▶ About this exercise
Wherever a picture appears, leave it out, and transcribe the rest of the records exactly.

** Opening Information shown block **

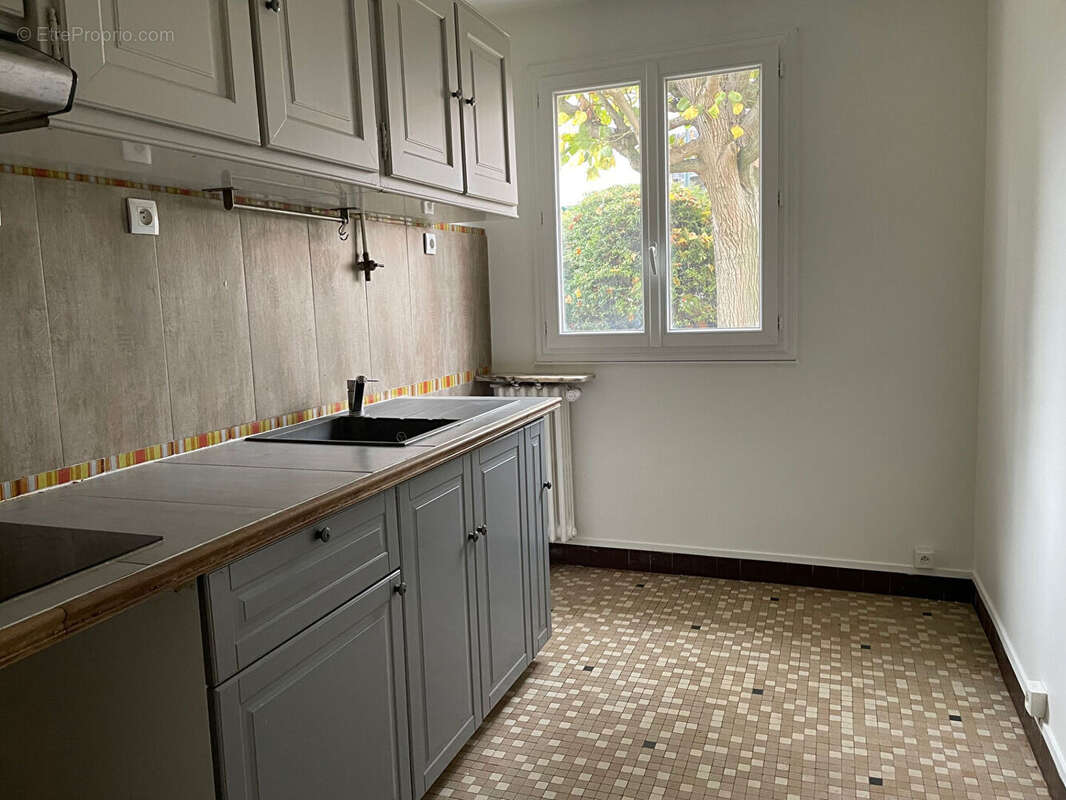 Appartement à CLAMART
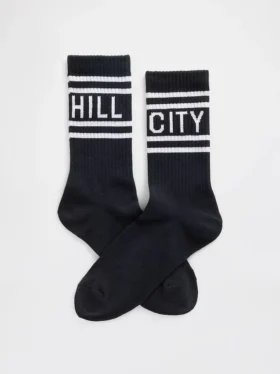 Hill City Crew-Socken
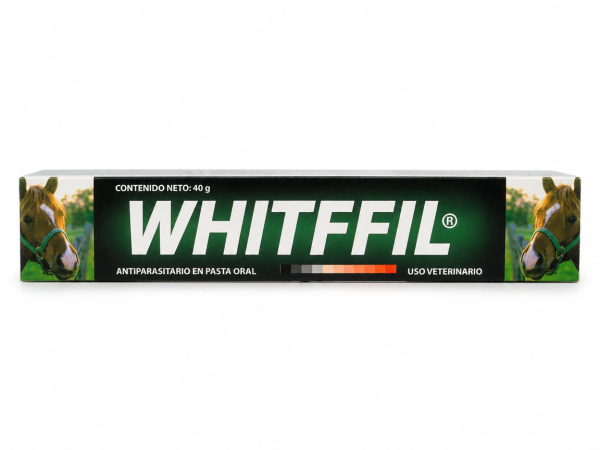 WHITFFIL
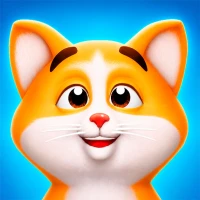 Cat Simulator - My Virtual Pet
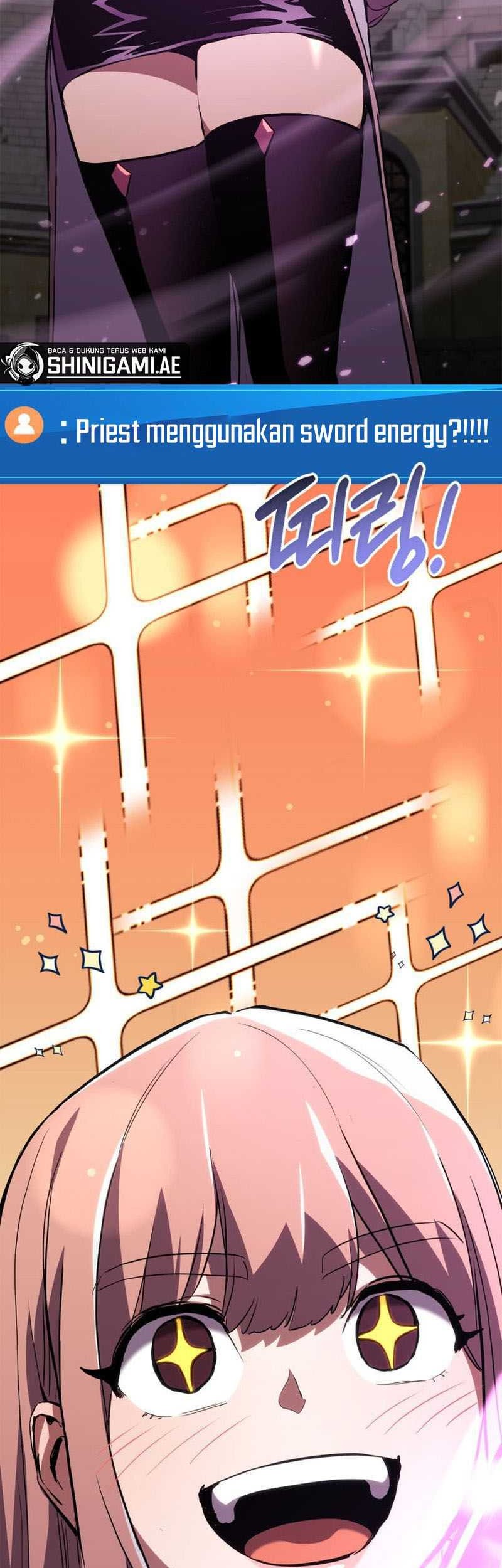 Ranker’s Return (Remake) Chapter 139 - halaman 75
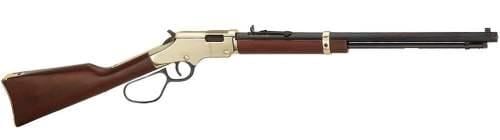Henry Golden Boy H004L 22 LR 16.0000 20"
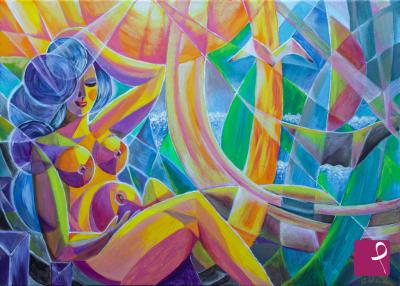 online paintings on sale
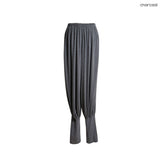 (3color) Ninja Cuffs Balloon Pants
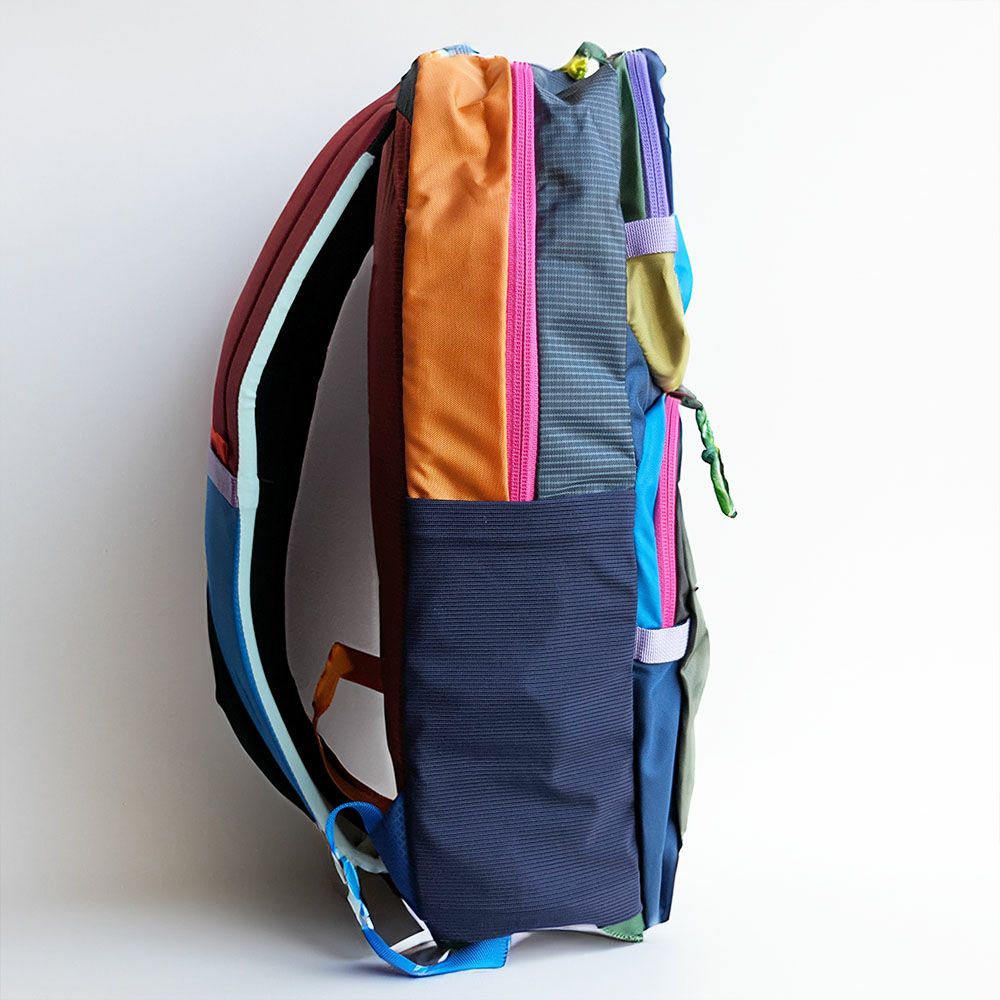 コトハクシ TASRA16L リュック ハックハック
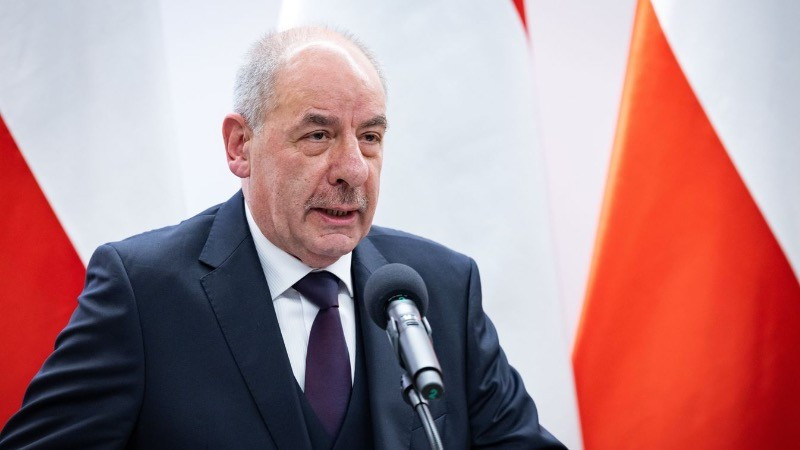 Hungarian President Tamás Sulyok. (Photo: MOFA)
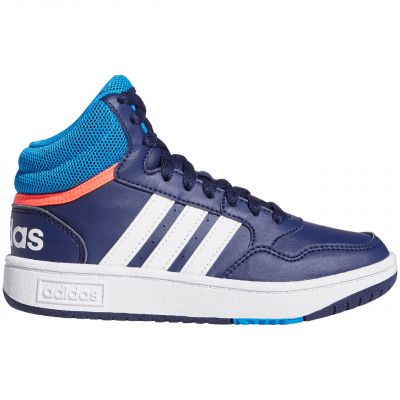 adidas Scarpe Hoops Mid
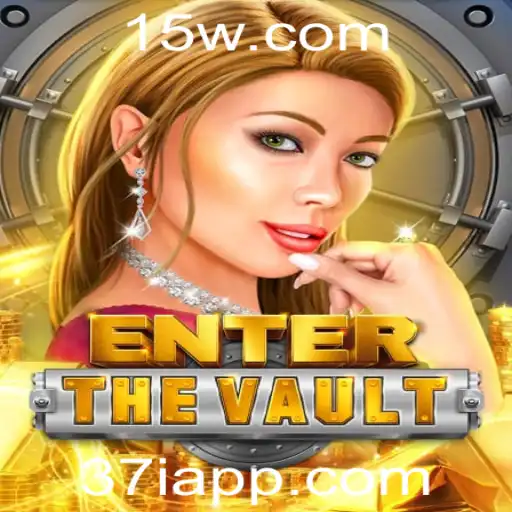 Descubra 'EntertheVault': Mergulhe em uma Aventura de Mistério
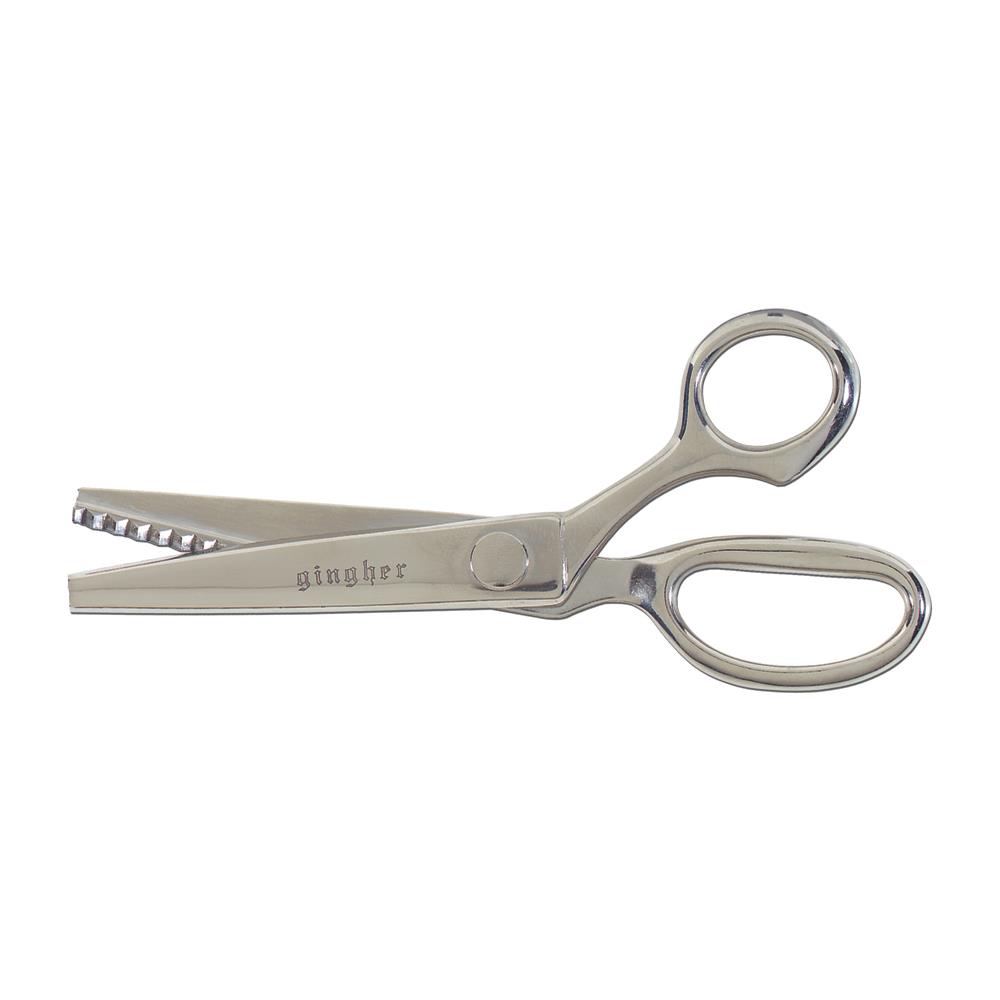 Gingher Pinking Shears 7.5"
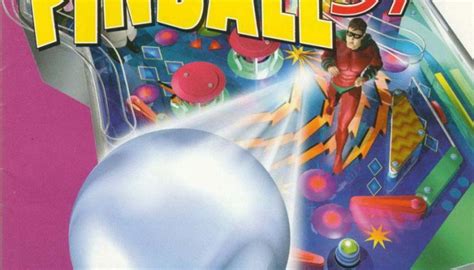 Full Tilt! Pinball - Old Games Download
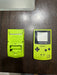 Game Boy Color Carcasa + Pantalla + Botones 1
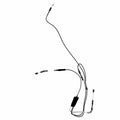 Throttle Cable by Polaris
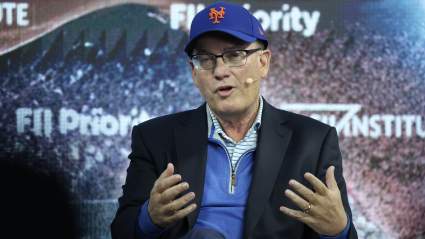Mets Unlikely to Give All-Star Duo Contract Extensions
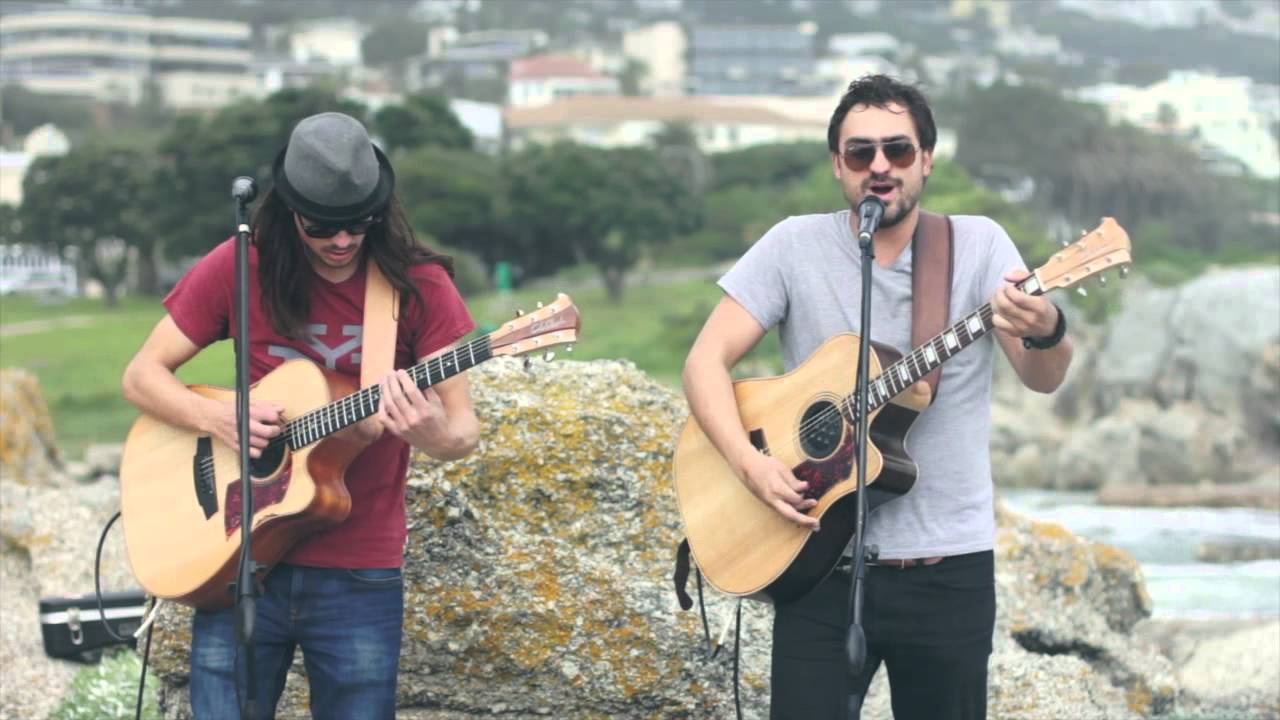 Bad Peter | Month Of May | One-take live video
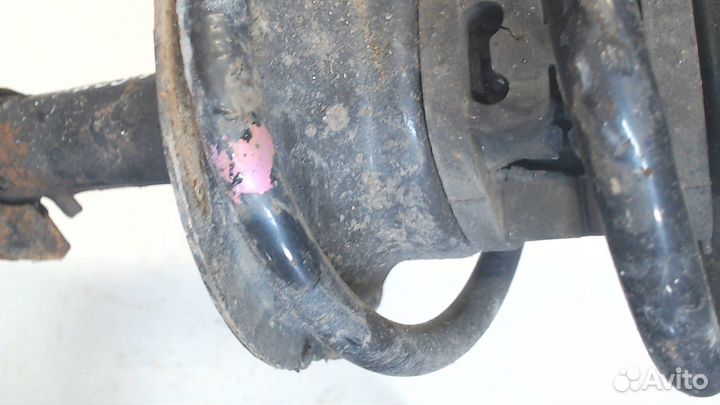 Амортизатор подвески Renault Megane, 2002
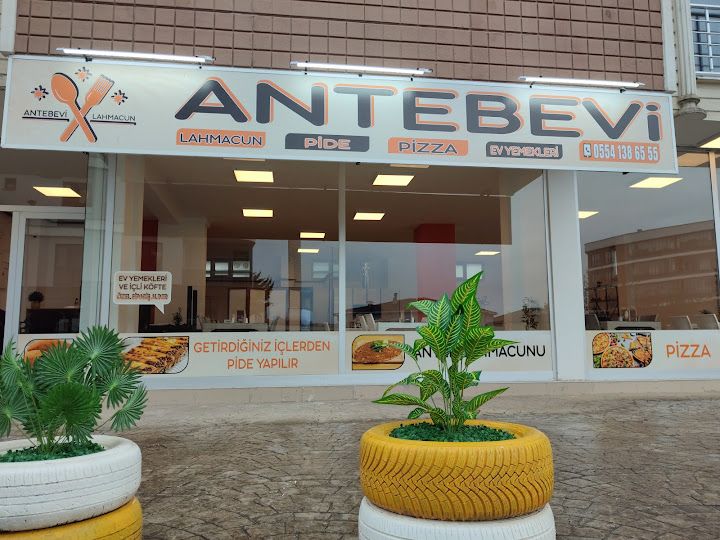 Antebevi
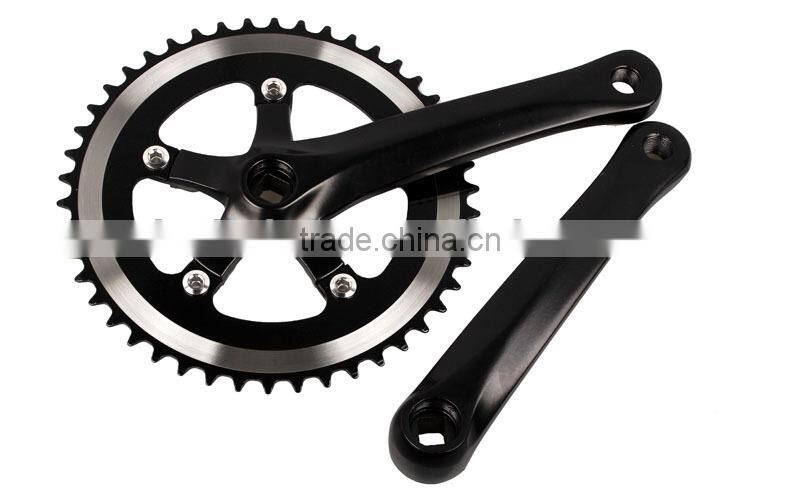 For Bicycle Crankset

** Closing Information shown block **

▶ Response for this exercise
 Appartement à CLAMART
 Hill City Crew-Socken
 WHITFFIL
 Cat Simulator - My Virtual Pet
 Ranker’s Return (Remake) Chapter 139 - halaman 75
Henry Golden Boy H004L 22 LR 16.0000 20"
 online paintings on sale
 (3color) Ninja Cuffs Balloon Pants
 コトハクシ TASRA16L リュック ハックハック
 Hungarian President Tamás Sulyok. (Photo: MOFA)
 adidas Scarpe Hoops Mid
 Descubra 'EntertheVault': Mergulhe em uma Aventura de Mistério
 Gingher Pinking Shears 7.5"
 Full Tilt! Pinball - Old Games Download
 Game Boy Color Carcasa + Pantalla + Botones 1
 Throttle Cable by Polaris
Mets Unlikely to Give All-Star Duo Contract Extensions
 Bad Peter | Month Of May | One-take live video
 Амортизатор подвески Renault Megane, 2002
 Antebevi
 For Bicycle Crankset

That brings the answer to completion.